Mais la vraie question, et la seule qui vaille d’ailleurs, est celle-ci : l’édifice menace-t-il de s’écrouler à brève échéance comme l’affirme la mairie, ou ce risque grave et imminent n’est-il qu’un prétexte ?

Les enjeux politiques sous-jacents dans cette affaire sont évidents, les uns et les autres se renvoyant la responsabilité de la situation actuelle. La municipalité prétend que ses prédécesseurs n’ont rien fait, tandis que les opposants soulignent l’inertie de la nouvelle administration depuis son élection. Il est probable que les deux ont un peu raison mais il faut rappeler qu’avant 2005, l’église n’était pas particulièrement considérée comme dangereuse.

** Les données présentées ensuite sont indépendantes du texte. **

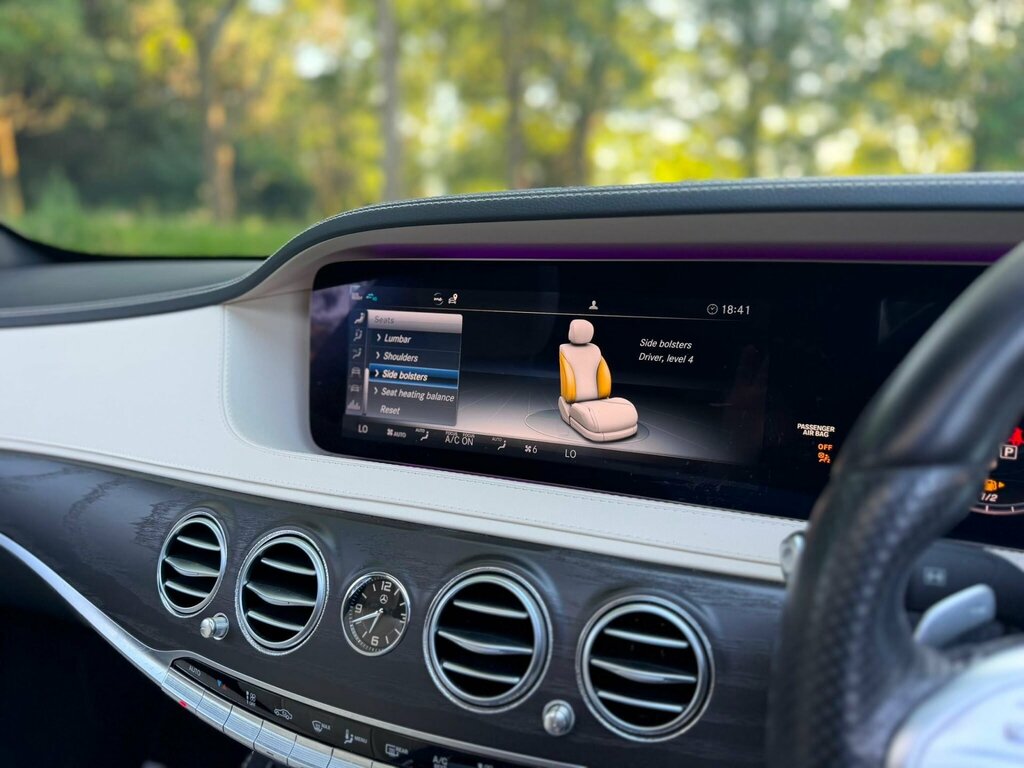 Mercedes-Benz S Class S 350 L Grand Edition Executive D Black #34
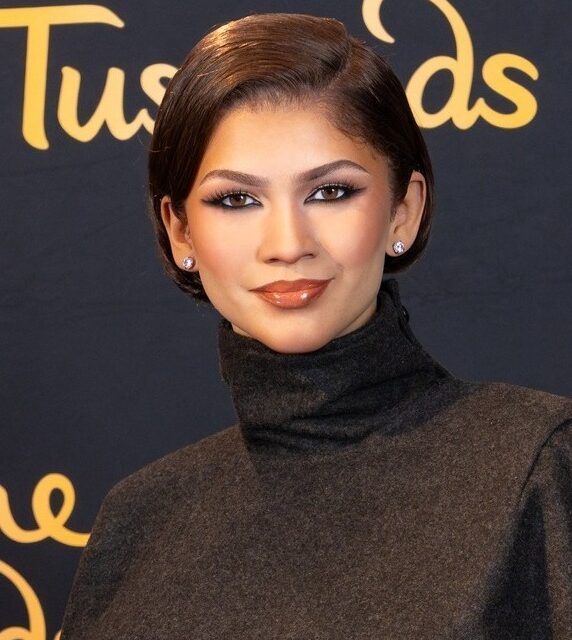 Nueva figura de cera de Zendaya en exhibición en Madame Tussauds de Nueva York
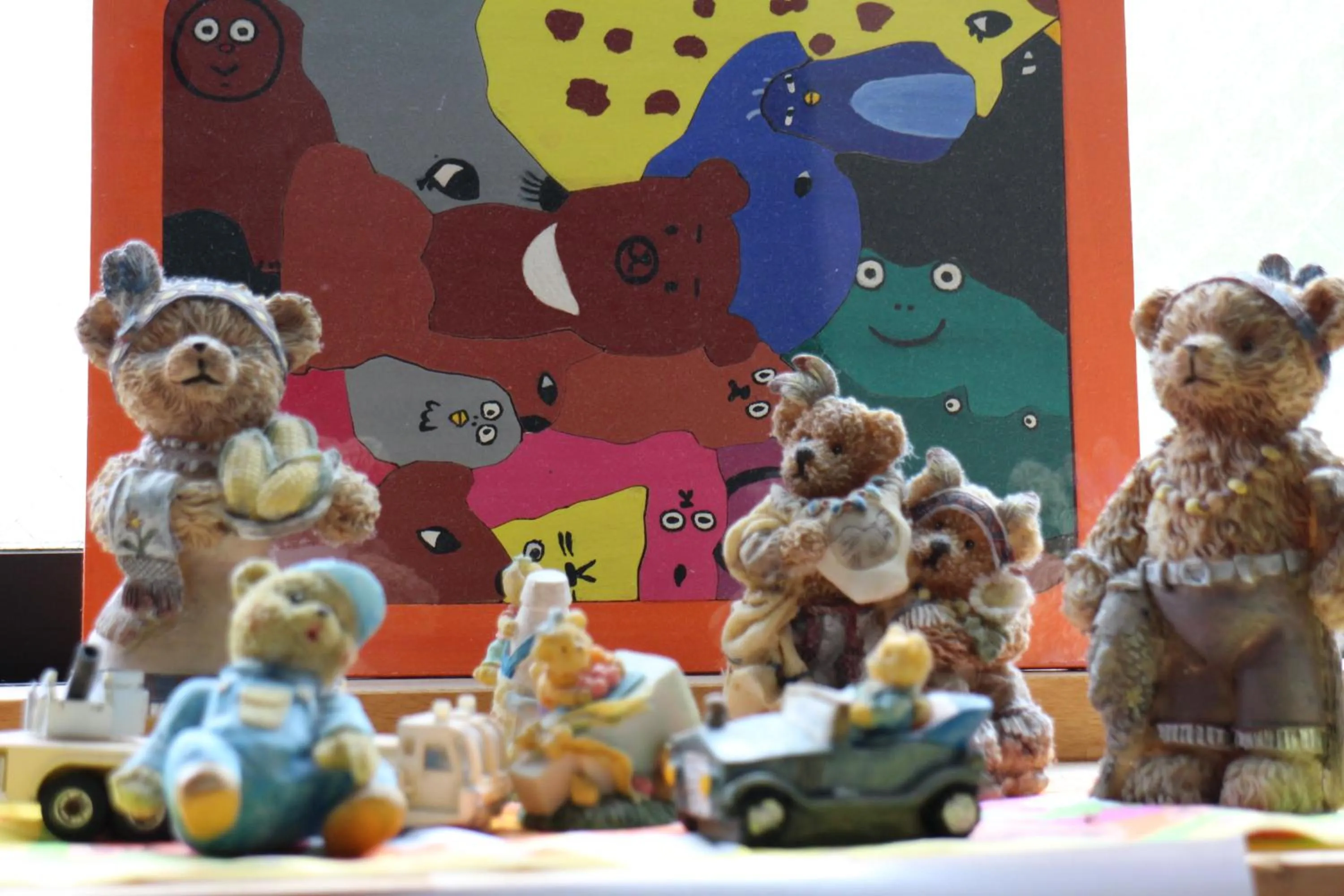 Decorative detail in Peanuts House Kumakuma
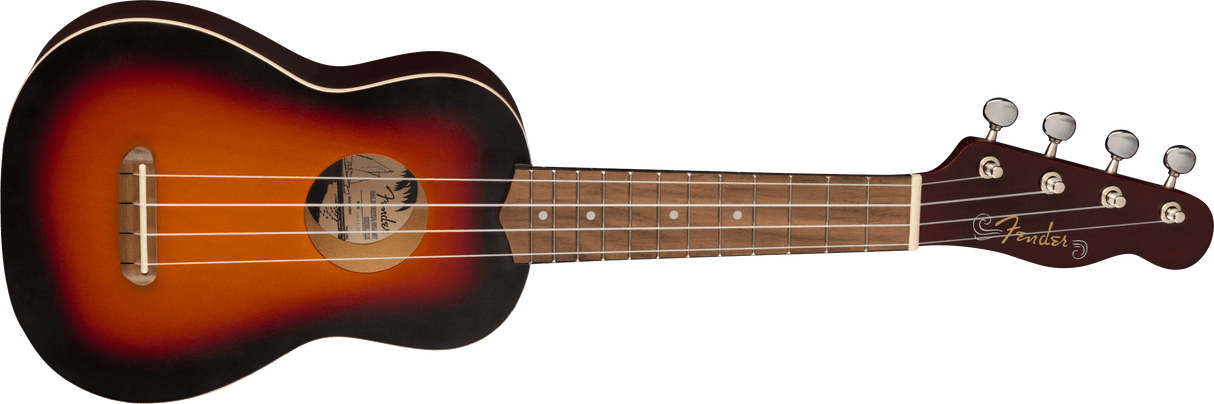 Fender Venice Sopran Ukulele (2-Color Sunburst)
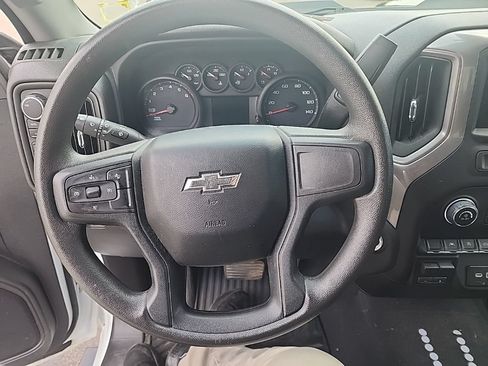 Used 2023 Chevrolet Silverado 1500 Custom Trail Boss w/ LPO, Dark Essentials Package AWD/4WD image 13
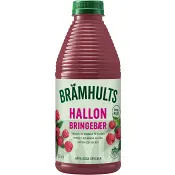 Fruktdryck Hallon 850ml Brämhults.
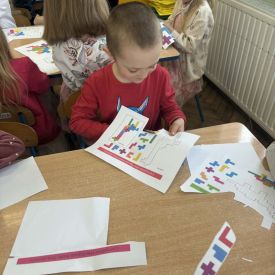 Projekt edukacyjny - Kreatywna matematyka gr 3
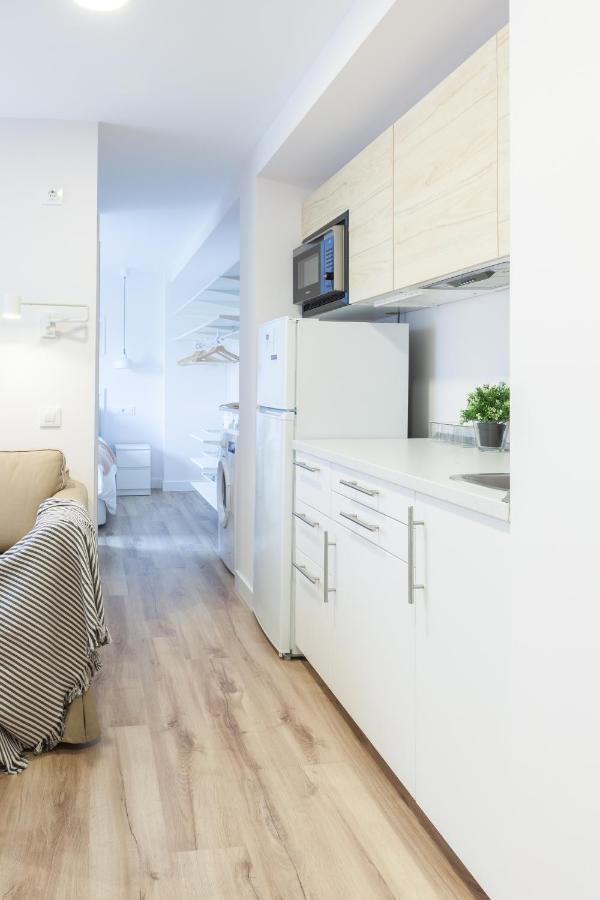 דירות Charming Madrid Lofts מראה חיצוני תמונה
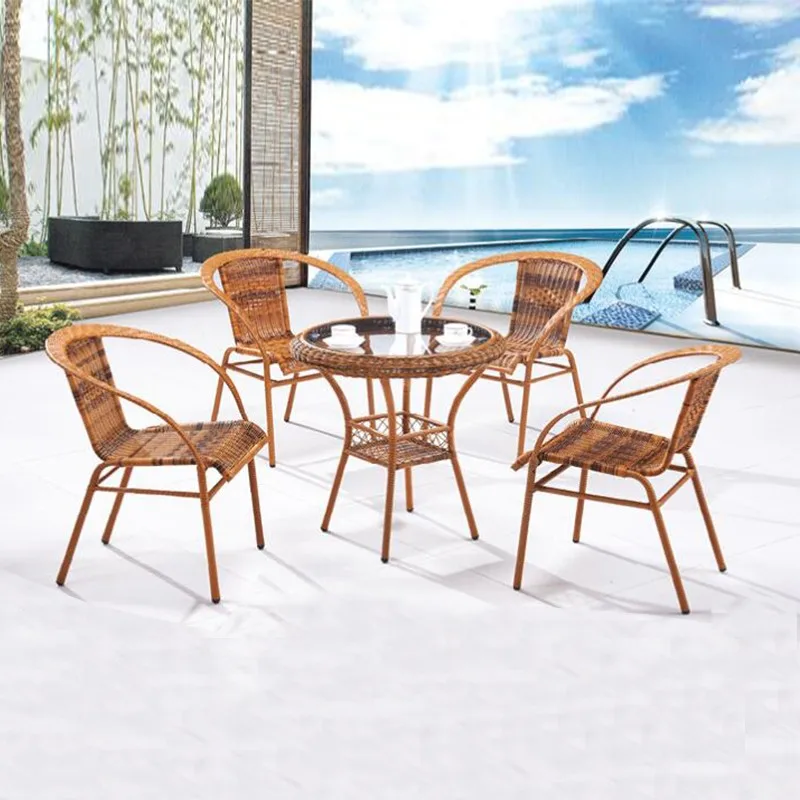 Fabrik Gusseisen Garten Möbel Gusseisen Tisch Und Stuhl Schmiedeeisen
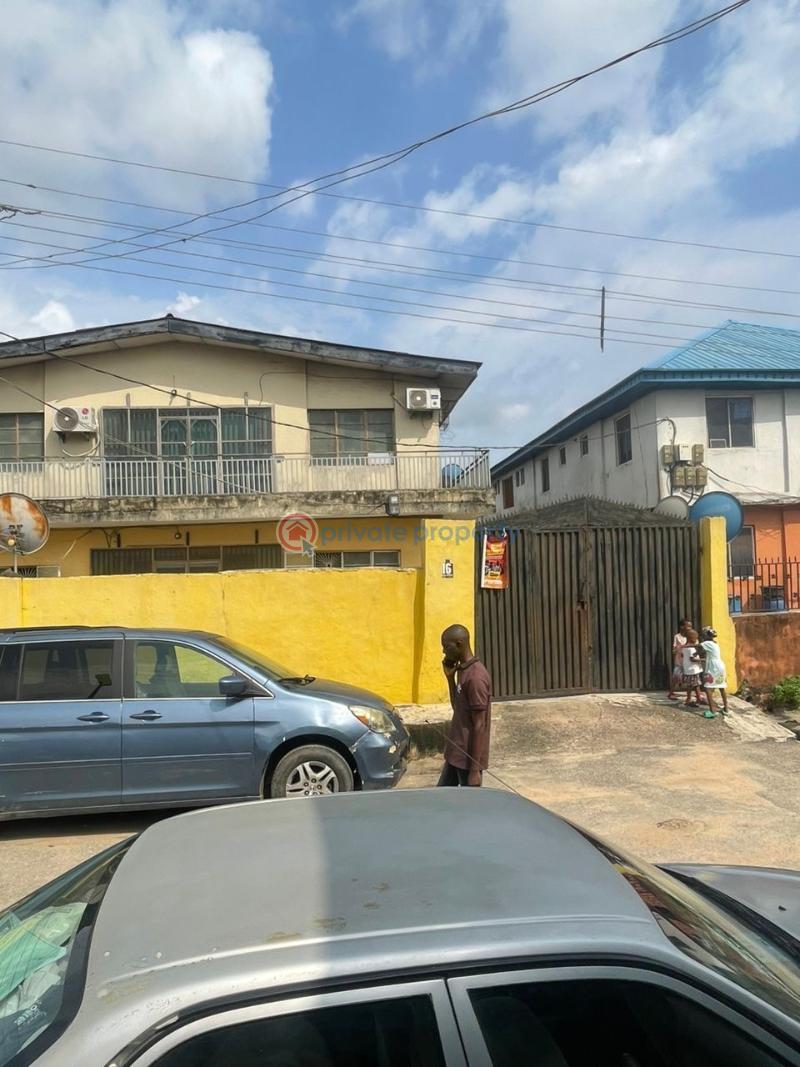 Detached Duplex For Sale Steven Toba Beesam Estate Mafoluku Oshodi Lagos - 6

La situation s’est dégradée rapidement à partir de la tempête de 2005, un fait reconnu par les deux partis. A cette date, selon Paul-Henri Huré, ancien premier adjoint au maire et aujourd’hui dans l’opposition, une étude a été demandée à Vincent Brunelle, architecte en chef des monuments historiques. Celle-ci n’a été rendue qu’en octobre 2008 alors que la mairie avait changé de bord depuis plusieurs mois.

La position actuelle de la municipalité est intenable, d’abord parce que le chiffre de 10 millions d’euros est faux : le rapport de Vincent Brunelle indique clairement que le coût total de la restauration sera de 4,2 millions d’euros et qu’il est possible de phaser le chantier sur plusieurs années, l’urgence consistant à stabiliser le clocher, ce que le maire s’est bien gardé de dire aux habitants. Certes, la situation s’est sans doute dégradée depuis octobre 2008 comme l’affirment Jean-Marie Hémerlé et Jean-Marc Dumoulin. Mais à qui la faute ? Depuis la remise du rapport, aucuns travaux n’ont été lancés, et surtout aucune mesure de préservation minimale n’a été prise. La municipalité n’a rien fait pour boucher le trou dans la toiture ni le vitrail cassé, les pigeons s’engouffrent dans le bâtiment [3] et l’eau y pénètre, ce qui aggrave encore la situation. Contrairement à ce que nous ont affirmé Jean-Marie Hémerlé et Jean-Marc Dumoulin, le trou dans la toiture avait été colmaté en 2005 par une bâche, dont on voit encore le châssis.

Jean-Marie Hémerlé a reconnu, alors que nous insistions, qu’il était possible de stabiliser l’église dans un premier temps, puis de répartir le reste des travaux sur plusieurs années, mais son discours n’est pas cohérent. Il prétend d’abord que la somme nécessaire à cette opération de sauvetage serait au moins égale à 2 millions d’euros. Il affirme alors qu’il ne pourra rien faire, de toute façon, s’il n’obtient pas une aide conséquente de l’Etat, sans être vraiment précis sur le montant de cette aide (il a seulement évoqué « au moins la moitié de la somme »). Rappelons que l’église n’est pas protégée et qu’il est donc impossible que l’Etat subventionne le chantier à une telle hauteur. Il ajoute enfin que les travaux nécessitent des appels d’offre, et que cela demande un certain délai.
Son raisonnement peut être résumé ainsi : il faut faire des travaux de manière urgente mais la décision ne sera prise qu’en juin, sachant que la municipalité n’a ni l’envie, ni les moyens d’entamer ce chantier avant l’hiver ; si l’on ne fait rien, il y aura un accident. Bref, pour lui, la messe est entendue : il est impossible de sauver l’église il faut donc la détruire. La mairie a d’ailleurs provisionné 500 000 € à cet effet.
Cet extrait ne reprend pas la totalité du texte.